Puot thereafter, went to Kampala, Uganda where he was admitted at Cavendish University and graduated with a Bachelor of Law (LLB) in 2013.

Political career 
Puot was first appointed as Executive Director in the office of the then Deputy Secretary General of the SPLM Party Southern Sector, Dr. Ann Itto. He also served as Director of Membership and Recruitment in the SPLM in 2010, a position he held up to the eruption of the war in December 2013.

When South Sudan President Salva Kiir in 2013, accused his then Deputy Dr. Riek Machar of an attempted coup, Puot Kang was among some youth blamed of backing up Dr. Riek and forced to flee Juba together with other SPLM-IO members over fear of political persecution. He later joined SPLM-IO and was appointed the leader of the Youth League at the time.

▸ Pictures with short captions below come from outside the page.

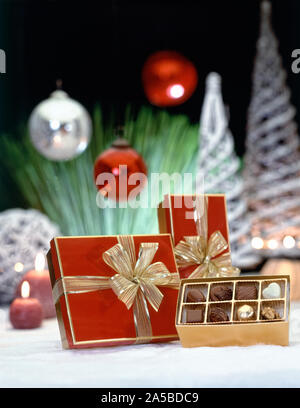 Luxus Geschenkboxen mit Goldband und Schokolade gegen verschwommenen Hintergrund Stockfoto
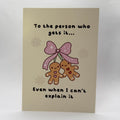To the Person Who Gets It A6 Christmas card with an illustration of two gingerbread characters.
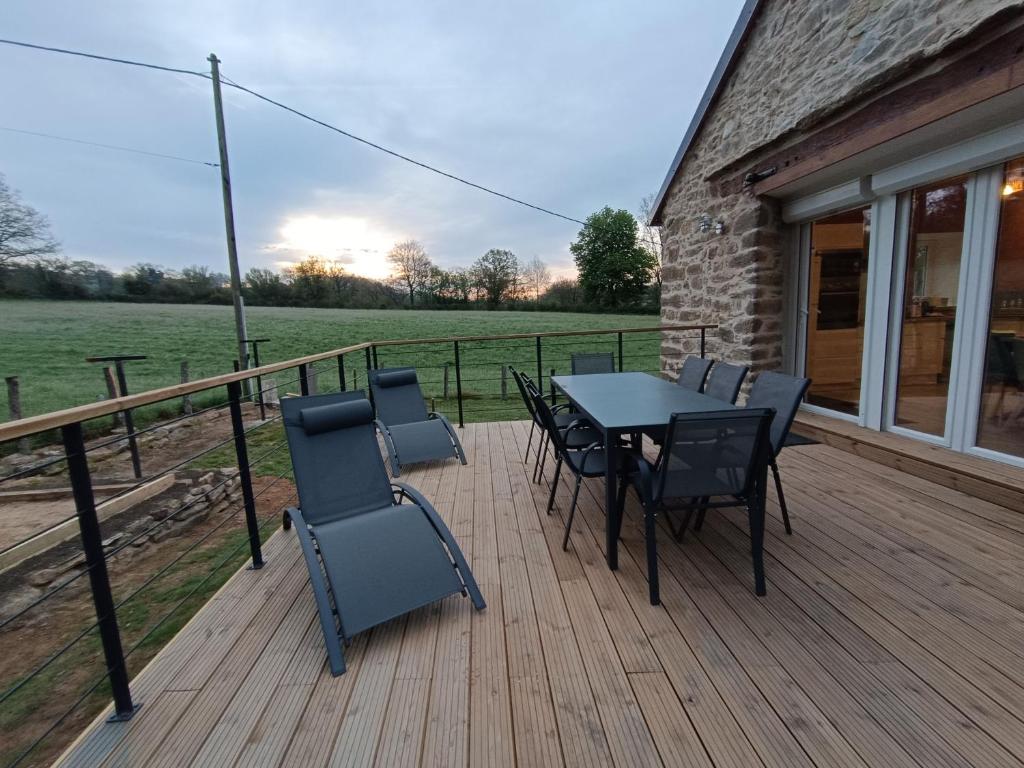 a patio with a table and chairs on a deck at La Grange de Céor in Cassagnes-Bégonhès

However, after the signing of the revitalized peace agreement, Puot Kang returned to Juba together with Dr. Riek Machar and later appointed minister of petroleum when South Sudan announced a new unity government in 2020.

Achievements 
Since his appointment into office, Puot Kang has accomplished several projects including the completion of a unified human resource manual for employees in the country's oil sector, purchase of geophysical aircraft for surveying and generate geophysical aerial data of oil and other mineral resources in South Sudan and setting foundation for environmental audit on the impacts of oil in the environment in the country.